Voice assistants have a long way to go still, but that’s not slowing an AI-based speech recognition startup’s ambitions to be the de facto meeting notes assistant, capturing voice-to-text interactions.
Silicon Valley-based AISense has launched Otter, a GPU-powered app that records speech and quickly returns voice files and transcriptions noted from multiple people. Otter is available now for free on iOS, Android and the web.
Founded in 2016, the startup has focused on speech recognition technologies for long-form conversations among multiple speakers, as well as on a language processing area known as speaker diarization, which enables machines to differentiate voices.
Two years in the making, AISense’s proprietary Ambient Voice Intelligence technology allows people to store, search, share and analyze voice conversations.
Otter allows you to scroll text, clearly labeled coming from multiple people, and gives the option to listen, as well. The app provides better than 90 percent accuracy in text dictation, according to the company.

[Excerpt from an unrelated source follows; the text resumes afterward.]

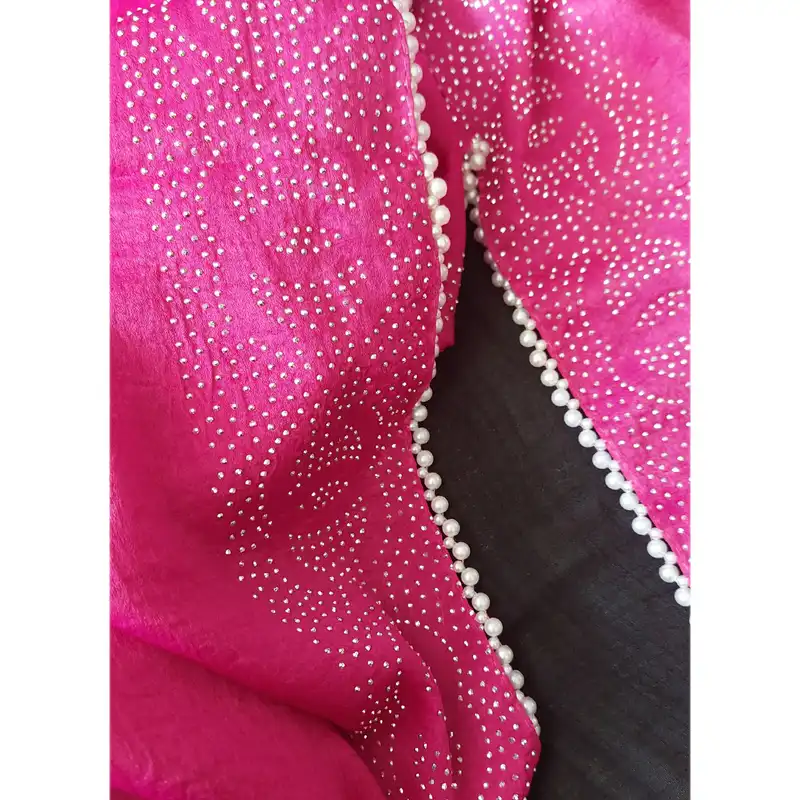 شال زنانه مدل کوپرا دور نگین و مروارید دوزی کد DR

Human-to-human interactions are much more difficult to capture than human-to-machine interactions such as simple commands between people and Amazon’s Alexa, Apple’s Siri or Google Assistant, according to AISense co-founder and CEO Sam Liang. That’s what makes Otter different from traditional voice products, which only handle short queries or commands from a single speaker.
AISense technology had to be enhanced to handle all of the complicated interactions of people and nuances of conversations, and it can get tripped up by accents in people’s speech, said Liang.

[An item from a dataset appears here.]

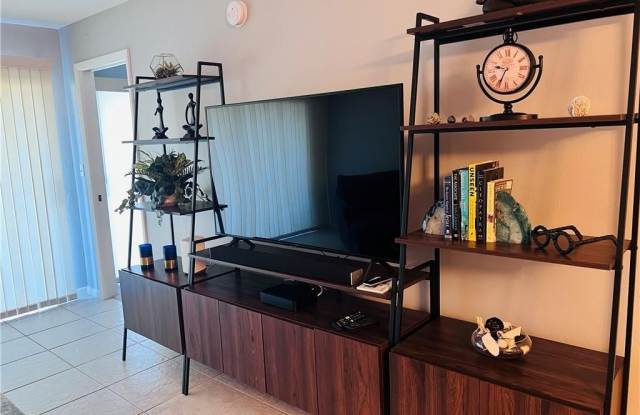 5530 Rattlesnake Hammock Rd unit: K103 photos photos 5530 Rattlesnake Hammock Rd unit: K103 photos photos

“This is a pretty deep technology. It’s extremely difficult,” he said. “We had to do pretty sophisticated supervised learning, and we had to get a lot of labeled data, with hundreds of thousands of hours of recordings.”
Liang is a well-known Silicon Valley tech figure. At Google Maps, he was responsible for the blue dot as the tech lead of location services. In 2013, he sold his startup Alohar Mobile to Alibaba.

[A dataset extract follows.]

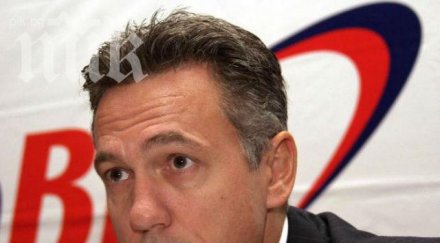 бивш шеф глобул оглавява мобилтел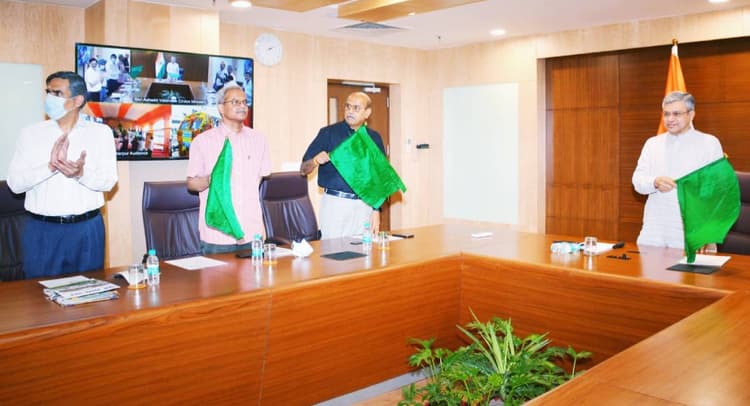 New rail line: मिथिलांचल के कोसी और कमला क्षेत्र में बढ़ेगा मछली और मखाना का व्यापार, सृजित होंगे रोजगार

His latests startup is also building a semi-supervised learning system to do self-learning from large quantities of meeting data without requiring human transcription.
Luckily, there’s a ton of such training data available online. The 15-person team at AISense was able to get freely available data from archives of NPR radio programs and Supreme Court proceedings available at the Library of Congress.
Then it used terabytes of audio data and transcripts to train its algorithms for Otter, relying on 50 NVIDIA Tesla GPUs. Said Liang, “It’s a startup and we have to spend money very frugally. But we have to spend some resources on GPUs — it’s just a must.”
The company is targeting Otter at enterprise customers who might use it in meetings. AISense plans to release a premium version that will require a subscription, and it already licenses some of its technology to enterprise customers.
AISense recently partnered with Zoom Video Communications to handle gobs of voice data, which is being robo-transcribed by AISense’s technology.
AISense has raised more than $13 million in funding to date. Investors include Horizon Ventures, Draper Associates, Slow Ventures, SV Tech Ventures, Bridgewater Associates, 500 Startups and billionaire Stanford professor David Cheriton.